INSTRUCTIONS FOR THE TASK: Search term "code": copy each line of the data containing it.

MATERIAL FOR THIS TASK:
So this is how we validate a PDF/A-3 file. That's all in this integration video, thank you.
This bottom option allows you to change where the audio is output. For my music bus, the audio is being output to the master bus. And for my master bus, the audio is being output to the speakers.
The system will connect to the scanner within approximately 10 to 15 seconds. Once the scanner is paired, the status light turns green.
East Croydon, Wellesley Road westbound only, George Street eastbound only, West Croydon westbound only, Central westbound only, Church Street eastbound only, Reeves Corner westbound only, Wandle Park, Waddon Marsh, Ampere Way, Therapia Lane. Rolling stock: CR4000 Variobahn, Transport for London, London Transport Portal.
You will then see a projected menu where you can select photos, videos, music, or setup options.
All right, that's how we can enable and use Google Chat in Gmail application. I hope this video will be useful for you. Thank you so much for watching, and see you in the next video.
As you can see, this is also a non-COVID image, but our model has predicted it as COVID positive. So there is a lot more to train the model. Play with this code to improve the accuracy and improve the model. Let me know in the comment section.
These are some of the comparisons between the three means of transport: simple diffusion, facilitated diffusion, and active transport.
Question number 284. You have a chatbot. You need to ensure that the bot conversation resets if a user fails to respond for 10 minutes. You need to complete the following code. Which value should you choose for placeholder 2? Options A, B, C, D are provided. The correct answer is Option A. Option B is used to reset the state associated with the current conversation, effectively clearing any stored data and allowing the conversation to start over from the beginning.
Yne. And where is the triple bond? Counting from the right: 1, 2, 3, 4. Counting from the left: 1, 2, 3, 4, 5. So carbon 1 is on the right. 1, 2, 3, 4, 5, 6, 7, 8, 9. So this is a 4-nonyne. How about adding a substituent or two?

* * *

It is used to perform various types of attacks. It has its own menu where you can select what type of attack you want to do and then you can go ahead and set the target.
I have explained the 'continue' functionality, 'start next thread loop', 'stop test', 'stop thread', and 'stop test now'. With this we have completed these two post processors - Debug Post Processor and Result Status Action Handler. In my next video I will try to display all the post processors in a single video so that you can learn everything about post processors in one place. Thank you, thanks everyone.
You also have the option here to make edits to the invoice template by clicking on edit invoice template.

OUTPUT FOR THIS EXERCISE:
As you can see, this is also a non-COVID image, but our model has predicted it as COVID positive. So there is a lot more to train the model. Play with this code to improve the accuracy and improve the model. Let me know in the comment section.
Question number 284. You have a chatbot. You need to ensure that the bot conversation resets if a user fails to respond for 10 minutes. You need to complete the following code. Which value should you choose for placeholder 2? Options A, B, C, D are provided. The correct answer is Option A. Option B is used to reset the state associated with the current conversation, effectively clearing any stored data and allowing the conversation to start over from the beginning.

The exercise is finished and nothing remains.